Um dos temas mais espinhosos é o financiamento para os países pobres implementarem suas políticas de corte de emissões. No ano passado, na COP29, em Baku, no Azerbaijão, foi estabelecida uma “nova meta coletiva”: transferir dos países desenvolvidos aos menos desenvolvidos US$ 300 bilhões anuais. Ainda é uma fração da necessidade estimada para a tarefa. O Grupo de Especialistas Independentes de Alto Nível em Financiamento Climático, criado em 2021, projetou que, até 2030, esses países precisarão de US$ 2,7 trilhões por ano e que, para isso, é vital receber ao menos US$ 1,3 trilhão das economias desenvolvidas. Os últimos dados disponíveis, de 2022, mostram que os países ricos desembolsaram apenas US$ 116 bilhões.
Outro tema que certamente despertará interesse é a tentativa de criar um fundo privado para conservar as florestas. O objetivo é implantar, dentro do Banco Mundial, uma dotação com US$ 20 bilhões vindos de governos, mais US$ 100 bilhões de investimentos privados. Esse capital daria origem a uma espécie de banco de investimento florestal e, aplicado no mercado, traria lucros reinvestidos em projetos que remunerem iniciativas de conservação. É uma ideia engenhosa que deveria ser levada adiante.

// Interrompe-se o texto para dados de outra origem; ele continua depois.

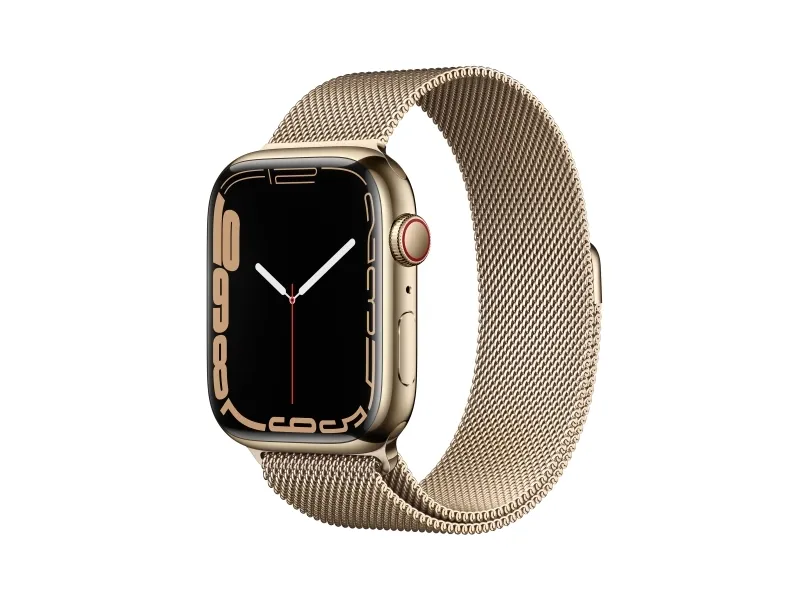 [OUTLET] - Apple Watch Series 7 (GPS   Cellular) - 45 mm - guld rustfrit stål - smart ur med milanesisk løkke - rustfrit stål - guld - håndledsstørrelse: 150-200 mm - 32 GB - Wi-Fi, Bluetooth - 4G - 51.5 g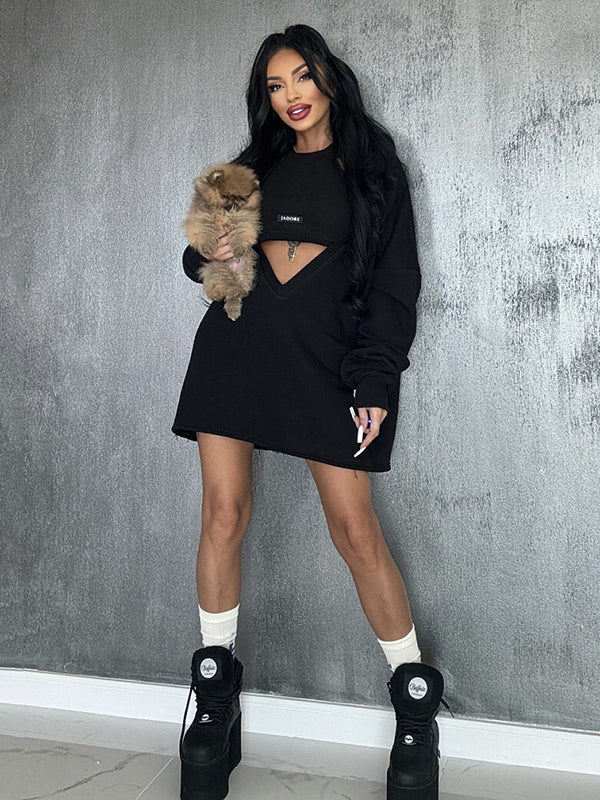 Loose Color Round-neck Mini Dresses & Vest Top Two Pieces Set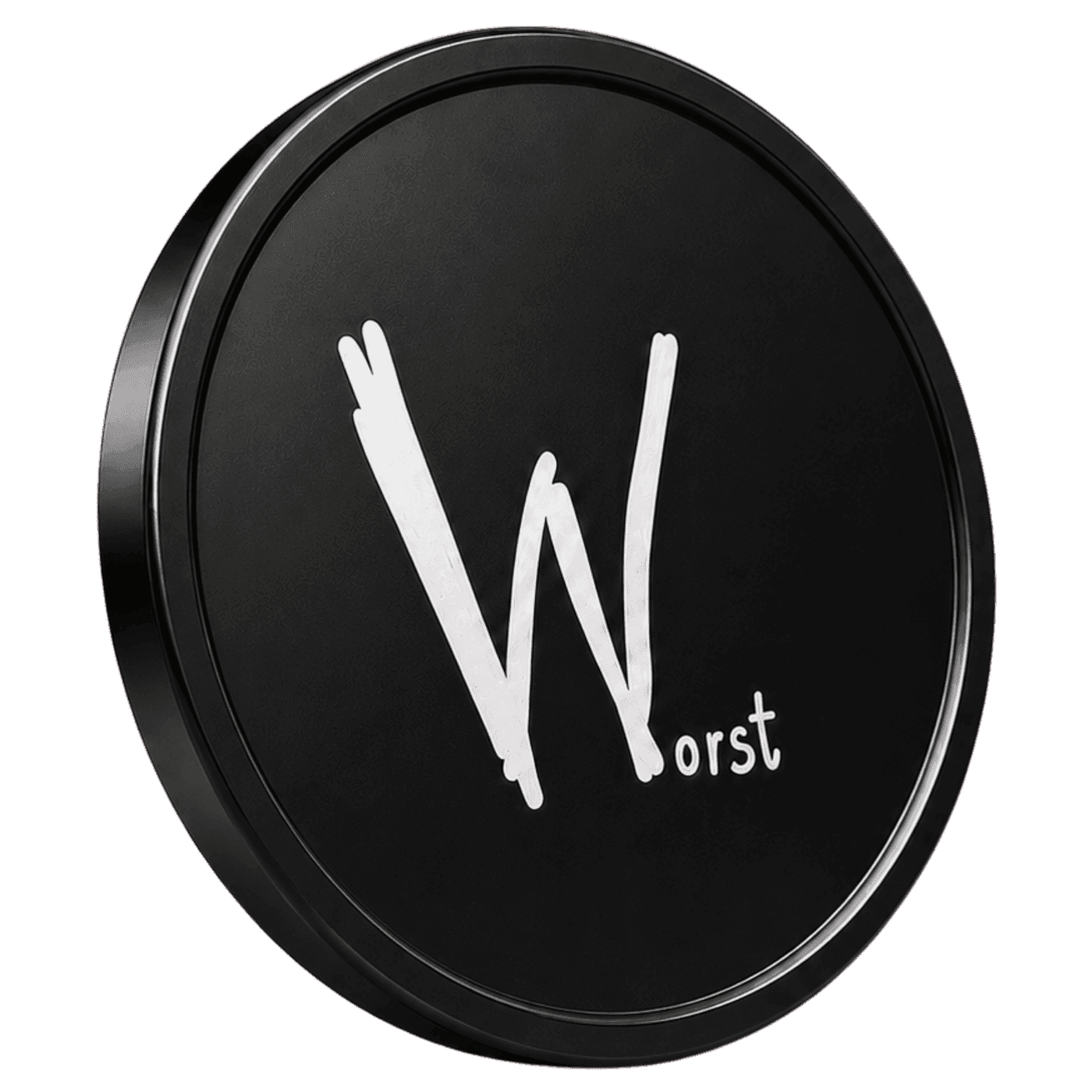A massive black commemorative $WORST coin with a glossy silver rim and a hand-drawn WORST wordmark, lit like a luxury product advertisement.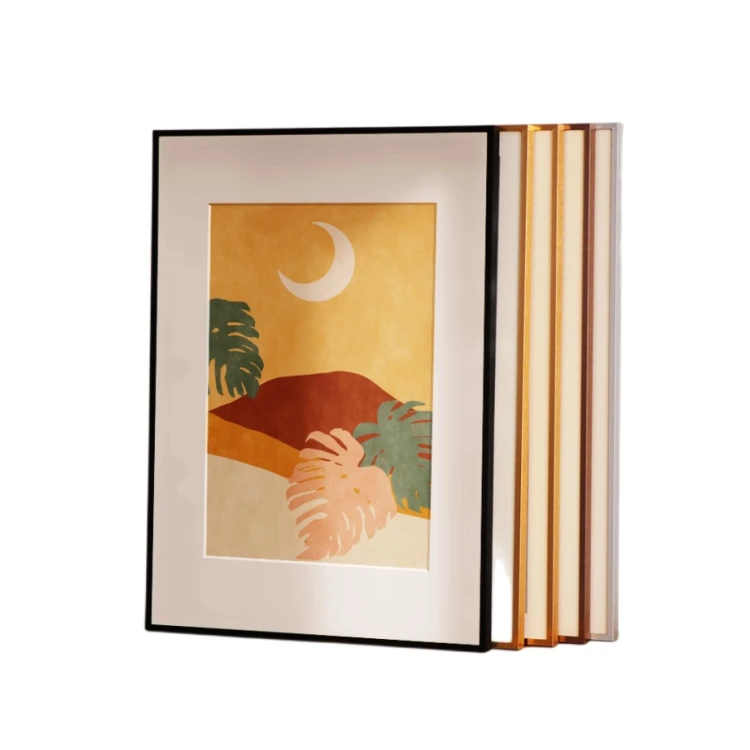 Wholesale cheap Aluminum Photo Frame with Ivory Color 11x14  Mat for 8x10 Picture & Plexiglass, Metal Picture Frame Collection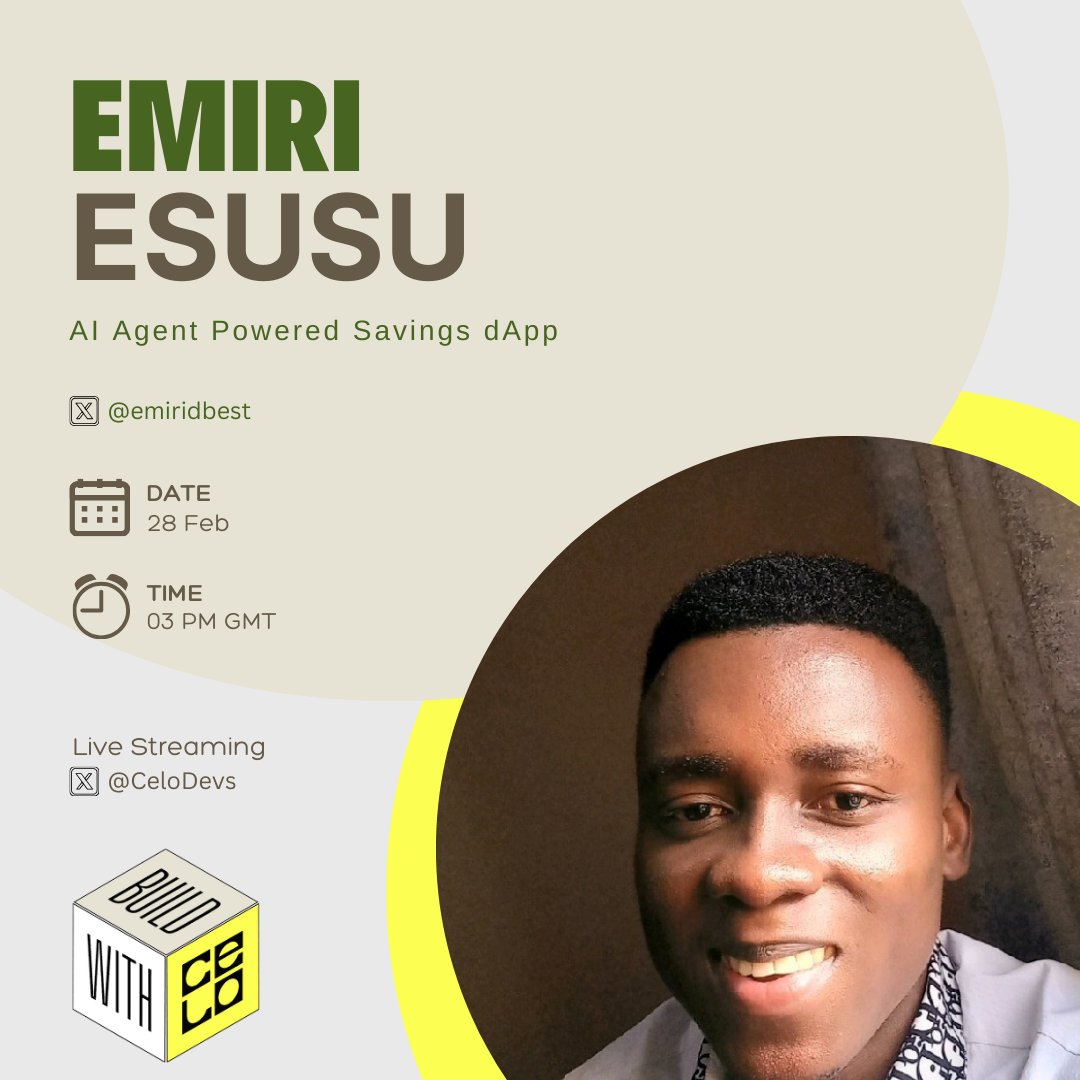 CeloDevs's tweet photo. One of or top builders, and the MOST consistent builder this Season @EmiriDbest is presenting Esusu.
The #BuildWithCelo winning project just got some AI Agent support added.
Vote: https://t.co/QUdCMKBprC https://t.co/HiyzR31QCC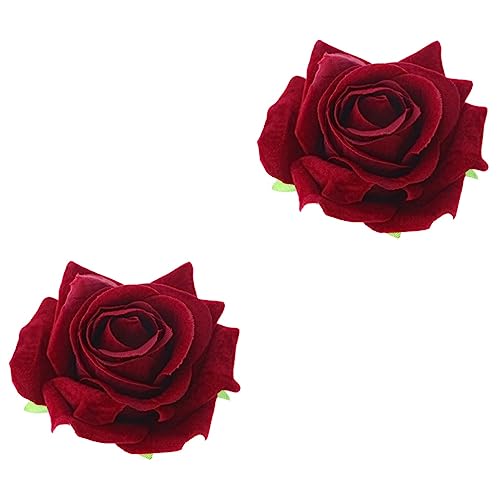 BESTYASH Blaue Rosen Haarschmuck 2 Stück 2 1 Haarspange Französisches Haarwerkzeug Brosche Mit Rosenblüte Dedo Gefälschte Blumen Große Rosafarbene Haarspange Haarspangen in U-form Haargummis Für Damen von BESTYASH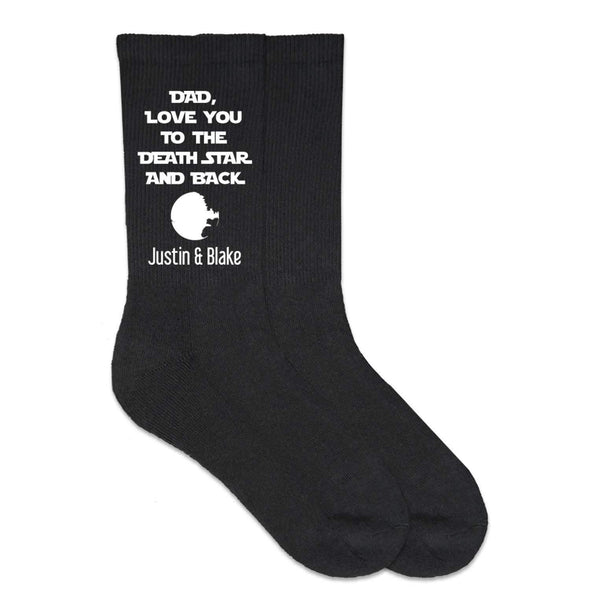 personalized socks with names and Love you to the Death Star and Back printed on the side of the crew socks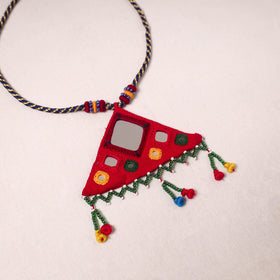 Banjara embroidery mirror & bead work handmade necklace 05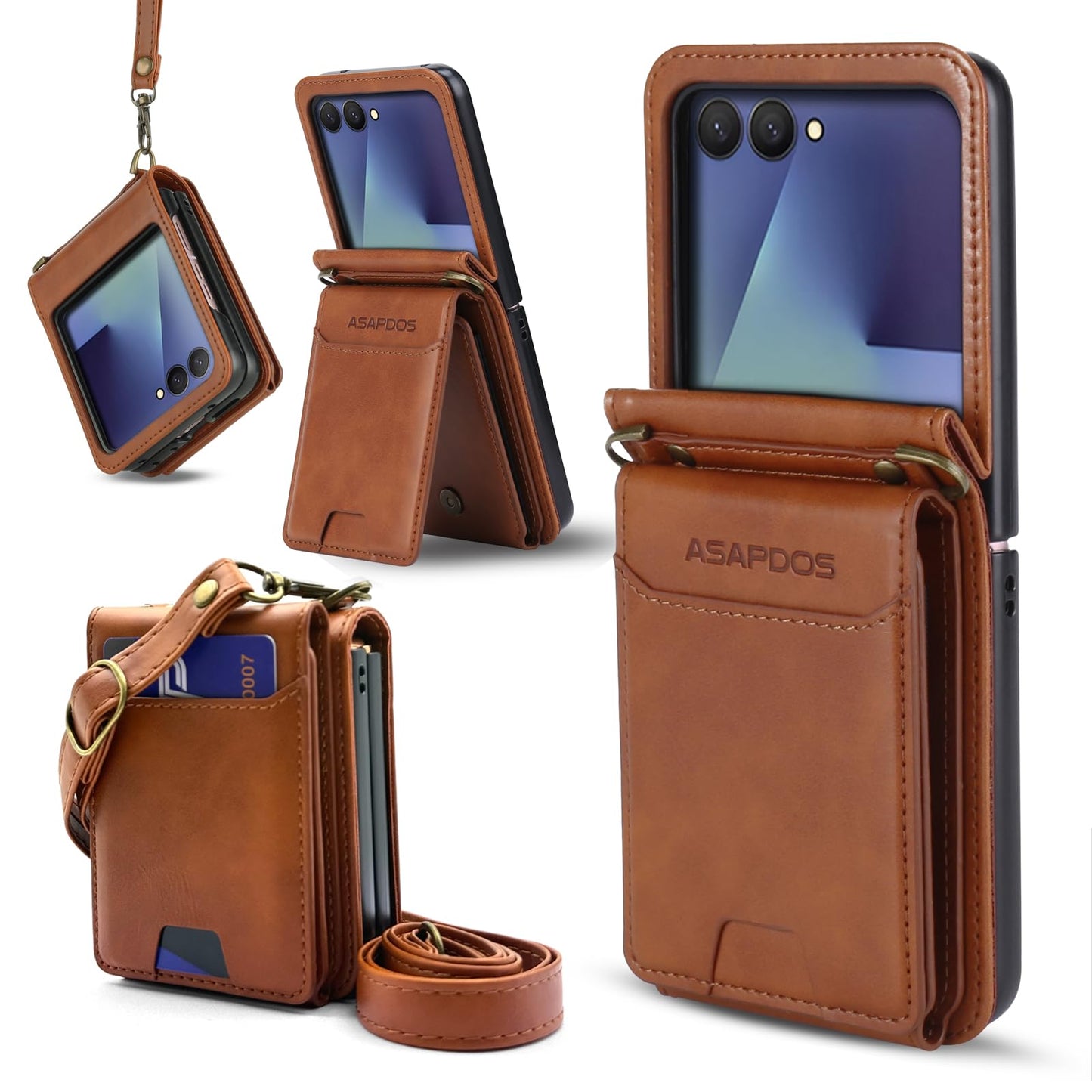 ASAPDOS for Samsung Galaxy Z Flip 7 PU Leather Wallet Phone Case with Card Slots (Holds 5-7 Cards), Anti-Drop Protection, Wrist & Shoulder Strap Brown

A crise climática é um problema que só será resolvido com a cooperação de todo o planeta. Eventuais êxitos nas negociações da COP30 poderão transmitir a mensagem de que o multilateralismo ainda tem valor neste momento de reorganização geopolítica do planeta. A instituição da agenda de ação, lançando mão de todos os instrumentos e organizações multilaterais que funcionam, é o caminho mais promissor para transformar a realidade. As conferências do clima servem para encontrar caminhos e desenvolver tecnologias que permitam à humanidade enfrentar as ameaças trazidas pelas mudanças climáticas. Sem elas, não haverá futuro viável para o planeta Terra.